▸ **WHAT YOU WILL DO**
Beneath this line are the data; copy exactly the part of them that opens with the line containing "Чем чревата нехватка железа в организме" and closes with the line containing "Photo 10 from", and only that part.

Start of GIVEN RECORDS

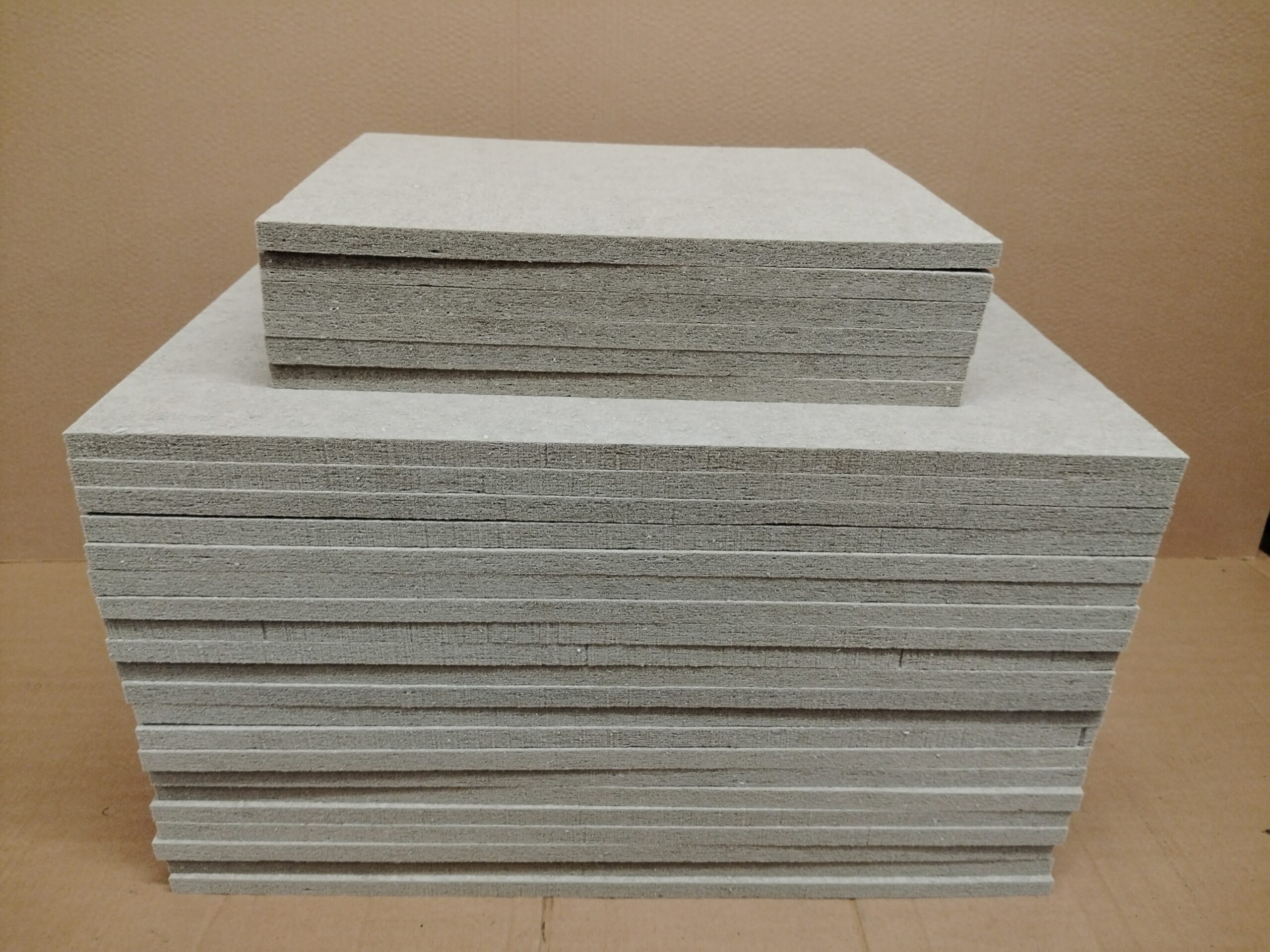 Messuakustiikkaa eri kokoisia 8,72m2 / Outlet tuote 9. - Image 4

End of GIVEN RECORDS
Start of GIVEN RECORDS

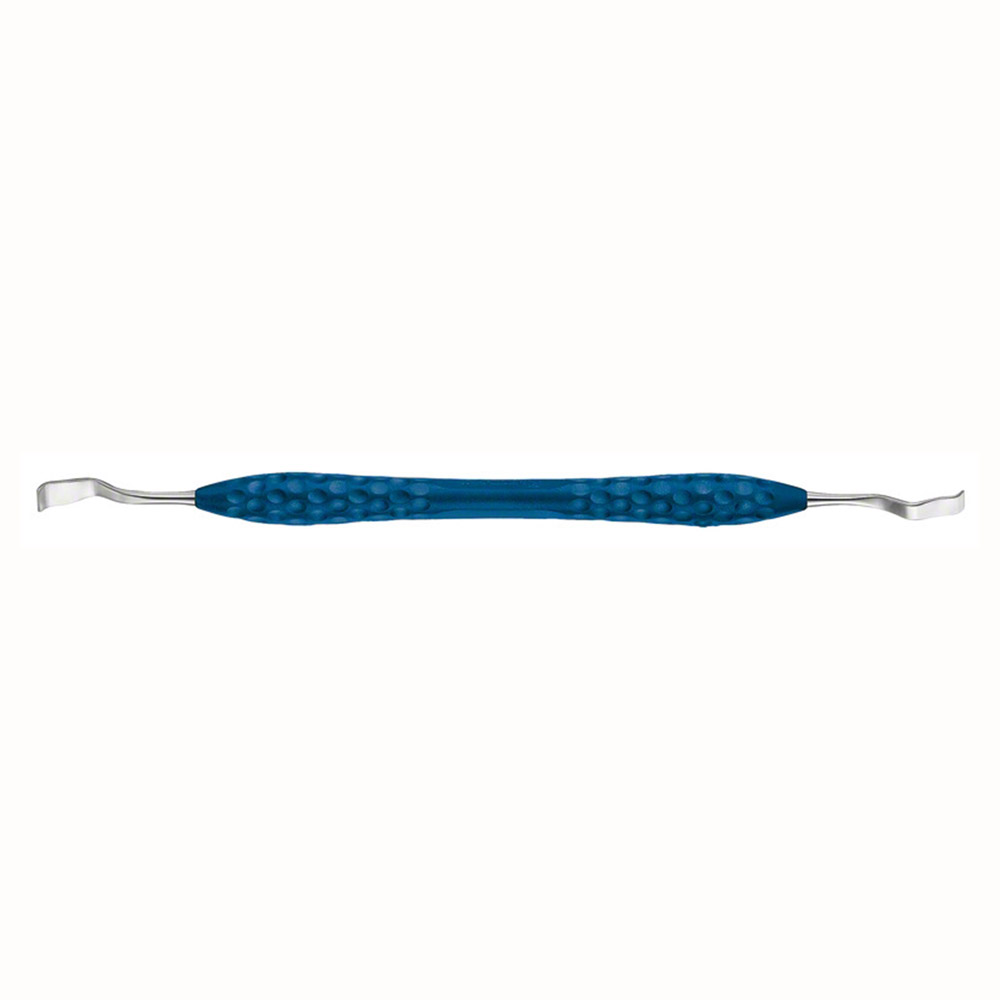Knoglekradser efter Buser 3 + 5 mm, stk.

End of GIVEN RECORDS
Start of GIVEN RECORDS

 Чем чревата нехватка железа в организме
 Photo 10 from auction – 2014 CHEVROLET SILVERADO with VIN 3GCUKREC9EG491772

End of GIVEN RECORDS

▸ **THE ANSWER**
 Чем чревата нехватка железа в организме
 Photo 10 from auction – 2014 CHEVROLET SILVERADO with VIN 3GCUKREC9EG491772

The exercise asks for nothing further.